DESCRIPTION OF THE TASK –
What you should end up with is an exact copy of the lines from the one holding "ASICS GEL-Nimbus 9" through the last line of the entries below, both included, and nothing else; leave every picture out.

[STORED DATA — start]

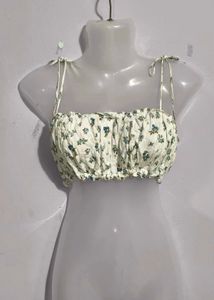 CUTE TOP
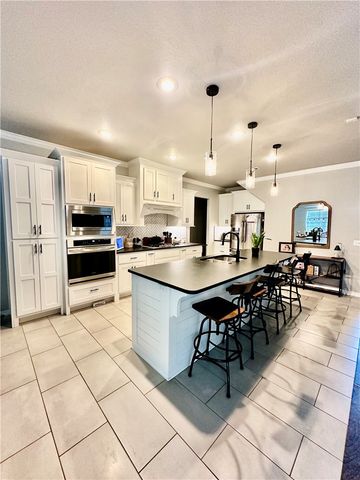 690 Malbec Road, Tontitown, AR 72762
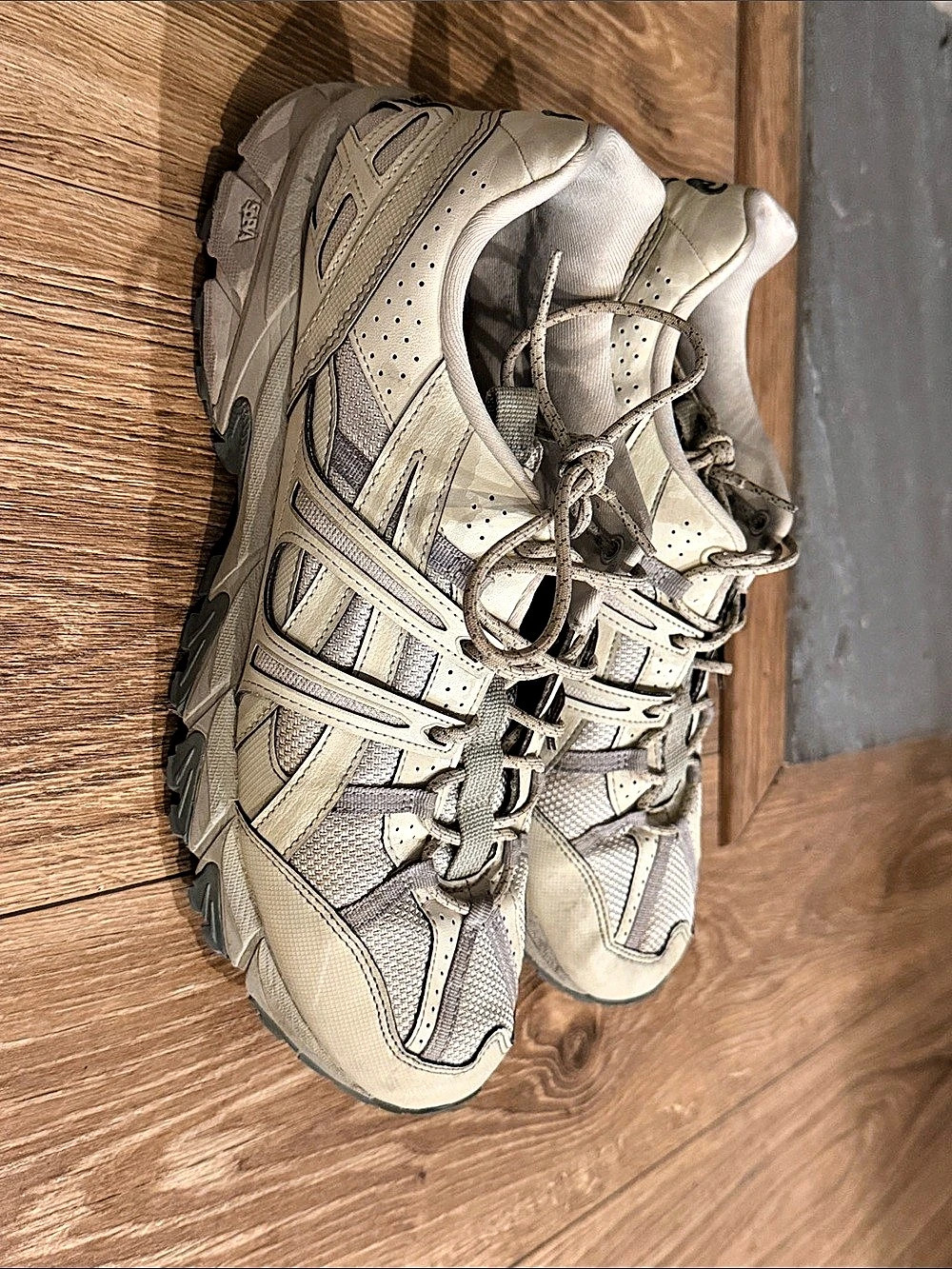 ASICS GEL-Nimbus 9 Athletic Sneakers Cream Gray US 12
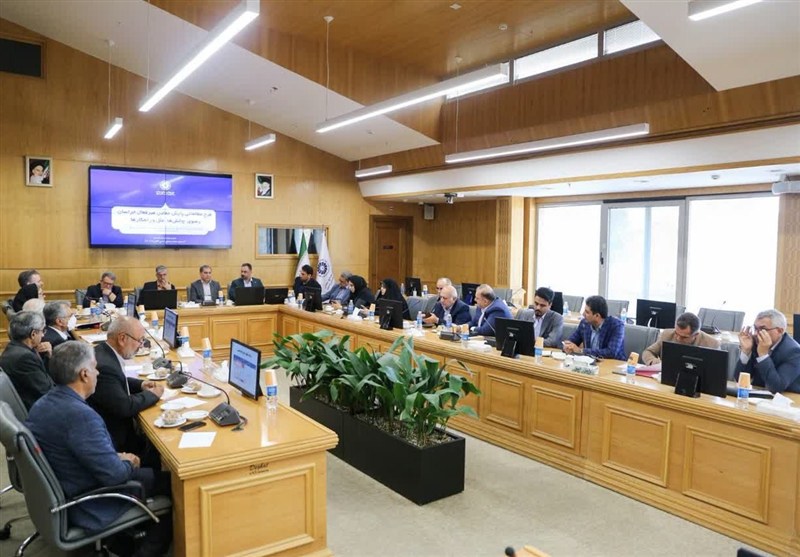 کاهش موانع در معادن خراسان رضوی نیازمند واگذاری اختیارات اجرایی است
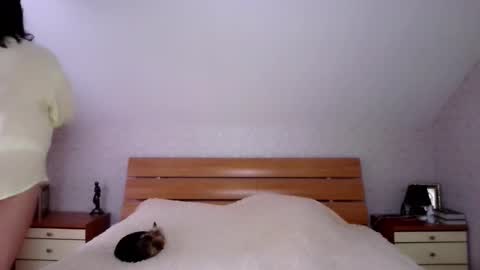 Sara online show from 25, 10, 2025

[STORED DATA — finish]

COMPLETED EXERCISE –
 ASICS GEL-Nimbus 9 Athletic Sneakers Cream Gray US 12
 کاهش موانع در معادن خراسان رضوی نیازمند واگذاری اختیارات اجرایی است
 Sara online show from 25, 10, 2025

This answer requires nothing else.